A "stolen election" question...

Dr Kynes

Well-Known Member
Your making a common mistake. Not all state haves the "all or nothing" allocation of votes. That has nothing to do with the EC. That's internal to the individual states. The EC is concerned with how the votes as a whole for the nation are allocated. Every state gets a EC vote for each Representative or Senator. Every state gets two Senators and at least one Representative. So Wyoming gets three votes, they have one Representative and two Senators.
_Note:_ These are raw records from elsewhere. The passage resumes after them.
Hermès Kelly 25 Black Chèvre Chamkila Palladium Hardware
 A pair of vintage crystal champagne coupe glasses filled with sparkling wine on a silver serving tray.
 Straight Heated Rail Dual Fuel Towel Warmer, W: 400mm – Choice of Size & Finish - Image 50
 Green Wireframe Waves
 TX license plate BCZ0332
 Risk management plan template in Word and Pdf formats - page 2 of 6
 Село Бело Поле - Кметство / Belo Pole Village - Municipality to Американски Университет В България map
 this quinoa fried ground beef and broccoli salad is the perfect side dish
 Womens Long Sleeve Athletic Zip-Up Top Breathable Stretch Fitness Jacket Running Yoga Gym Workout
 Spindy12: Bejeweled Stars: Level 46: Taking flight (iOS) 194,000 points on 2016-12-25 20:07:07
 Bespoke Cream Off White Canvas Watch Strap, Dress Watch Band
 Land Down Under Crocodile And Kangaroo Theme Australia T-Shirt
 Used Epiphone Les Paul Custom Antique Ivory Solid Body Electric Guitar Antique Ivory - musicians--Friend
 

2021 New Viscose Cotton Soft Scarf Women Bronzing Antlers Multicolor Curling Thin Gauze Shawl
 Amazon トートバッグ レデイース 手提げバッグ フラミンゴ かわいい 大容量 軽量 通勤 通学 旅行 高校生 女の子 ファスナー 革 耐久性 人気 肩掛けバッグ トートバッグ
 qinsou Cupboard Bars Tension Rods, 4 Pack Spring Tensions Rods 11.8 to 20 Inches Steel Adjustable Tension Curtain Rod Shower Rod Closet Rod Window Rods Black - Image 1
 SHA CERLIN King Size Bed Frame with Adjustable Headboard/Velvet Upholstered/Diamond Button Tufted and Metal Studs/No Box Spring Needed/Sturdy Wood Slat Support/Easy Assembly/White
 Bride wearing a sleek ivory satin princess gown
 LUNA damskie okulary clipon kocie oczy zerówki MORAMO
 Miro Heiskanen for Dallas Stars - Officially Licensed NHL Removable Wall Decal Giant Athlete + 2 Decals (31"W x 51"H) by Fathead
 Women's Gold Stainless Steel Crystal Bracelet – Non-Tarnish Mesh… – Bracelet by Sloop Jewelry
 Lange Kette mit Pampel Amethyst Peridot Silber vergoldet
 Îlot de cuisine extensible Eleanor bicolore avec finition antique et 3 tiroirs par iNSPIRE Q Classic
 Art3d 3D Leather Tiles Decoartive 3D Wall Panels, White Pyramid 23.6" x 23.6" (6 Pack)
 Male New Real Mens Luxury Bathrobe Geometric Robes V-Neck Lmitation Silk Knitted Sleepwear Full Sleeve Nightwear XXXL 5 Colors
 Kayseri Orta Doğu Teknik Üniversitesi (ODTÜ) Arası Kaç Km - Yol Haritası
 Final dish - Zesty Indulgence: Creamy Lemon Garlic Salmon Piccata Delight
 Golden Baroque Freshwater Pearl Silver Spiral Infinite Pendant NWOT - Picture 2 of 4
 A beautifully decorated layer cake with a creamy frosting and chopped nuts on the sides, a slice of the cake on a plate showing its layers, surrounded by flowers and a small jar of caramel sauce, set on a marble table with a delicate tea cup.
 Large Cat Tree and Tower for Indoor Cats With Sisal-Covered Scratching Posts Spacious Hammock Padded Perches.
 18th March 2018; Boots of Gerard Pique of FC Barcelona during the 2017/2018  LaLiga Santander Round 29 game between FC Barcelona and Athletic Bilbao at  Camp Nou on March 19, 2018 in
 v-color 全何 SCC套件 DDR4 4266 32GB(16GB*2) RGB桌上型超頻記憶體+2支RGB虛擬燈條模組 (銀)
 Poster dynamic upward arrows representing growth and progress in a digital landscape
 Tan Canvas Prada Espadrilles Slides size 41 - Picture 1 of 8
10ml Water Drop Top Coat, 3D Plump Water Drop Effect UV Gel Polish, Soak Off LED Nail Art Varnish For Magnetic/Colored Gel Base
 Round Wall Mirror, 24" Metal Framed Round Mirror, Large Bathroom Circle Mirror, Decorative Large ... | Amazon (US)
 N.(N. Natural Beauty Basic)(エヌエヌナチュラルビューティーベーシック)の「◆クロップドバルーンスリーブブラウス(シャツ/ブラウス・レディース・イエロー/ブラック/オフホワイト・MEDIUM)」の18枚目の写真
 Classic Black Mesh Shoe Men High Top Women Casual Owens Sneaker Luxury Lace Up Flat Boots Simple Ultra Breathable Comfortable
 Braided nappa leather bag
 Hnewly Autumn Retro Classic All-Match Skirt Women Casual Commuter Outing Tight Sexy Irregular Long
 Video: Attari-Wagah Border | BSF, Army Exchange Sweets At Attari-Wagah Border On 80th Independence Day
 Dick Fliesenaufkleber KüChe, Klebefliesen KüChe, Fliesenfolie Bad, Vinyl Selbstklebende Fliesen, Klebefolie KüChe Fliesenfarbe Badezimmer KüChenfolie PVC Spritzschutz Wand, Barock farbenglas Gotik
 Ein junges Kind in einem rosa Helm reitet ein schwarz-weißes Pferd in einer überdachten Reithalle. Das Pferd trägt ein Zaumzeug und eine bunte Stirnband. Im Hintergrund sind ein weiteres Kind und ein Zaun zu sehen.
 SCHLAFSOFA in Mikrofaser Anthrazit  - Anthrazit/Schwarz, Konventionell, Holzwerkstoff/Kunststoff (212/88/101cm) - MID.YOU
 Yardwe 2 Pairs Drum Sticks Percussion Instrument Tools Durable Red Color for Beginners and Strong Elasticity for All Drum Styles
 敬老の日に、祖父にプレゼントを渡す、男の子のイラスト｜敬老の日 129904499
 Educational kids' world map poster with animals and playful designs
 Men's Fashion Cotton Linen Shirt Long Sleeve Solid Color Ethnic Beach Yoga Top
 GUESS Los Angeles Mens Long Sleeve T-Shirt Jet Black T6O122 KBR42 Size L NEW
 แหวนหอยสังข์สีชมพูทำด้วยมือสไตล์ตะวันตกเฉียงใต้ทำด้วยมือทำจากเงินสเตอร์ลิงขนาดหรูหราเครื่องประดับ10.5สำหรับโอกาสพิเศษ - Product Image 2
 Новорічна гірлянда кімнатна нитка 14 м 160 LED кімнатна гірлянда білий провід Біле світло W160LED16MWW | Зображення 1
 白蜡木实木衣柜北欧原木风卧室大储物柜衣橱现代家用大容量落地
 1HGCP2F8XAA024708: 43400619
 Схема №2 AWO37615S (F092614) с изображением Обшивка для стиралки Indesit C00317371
So they end up with something like one EC vote per 250,000 citizens (numbers are only guesses), while California may only get one EC vote per 1,000,000 citizens.
^^ this dude is so right^^

but im too high to keep that shit straight. goddamned debates demand i be wasted to sit through their prevarication and waffling.
 

Red1966

Well-Known Member
Since I cannot resist the tangent, I'll opine that in the 2000 election, the electoral vote hinged on the final count of the popular vote in Florida. And they jiggered that final count until they got the desired result. THAT was the stolen election imo. cn
They counted the vote a total of seven times. Bush won every time. Al Franken lost how many counts before he actually won one and a leftist judge ordered there be no more recounts and all votes sealed?
 

Red1966

Well-Known Member
The documentary I saw made a convincing story of it being unfair and nonsquare. Fwiw. cn
The "Documentary" you saw was in error or outright lying to you. The vote was counted 7 times. Bush won every count. He only had 500 and something more votes, but he still won every count.
 

Dr Kynes

Well-Known Member
*you're

........
ohh the irony.

one of the most common mistakes in english being used in a comment to illuminate one of the most common mistakes in US politics, being highlighted by the most common grammar nazi on this forum.

ohh bucky. you so crazy!
 

Red1966

Well-Known Member
NY, NJ, and MA are all locked up by Democratic voters just like California. If we went to a popular vote instead, some of the votes in those four states would go to non-Democrats. I'm sorry, but I don't see how the less populist states would be any worse off with a popular vote. Another large benefit of abandoning the EC would be that third parties would also get some love.
Wyoming, for example would get 20-30% of the voter share it gets now. Maybe even less. This was a bargain sealed at the very founding of the nation. Eliminating it would render the Constitution void, and thus the United States would no longer exist as a legal entity.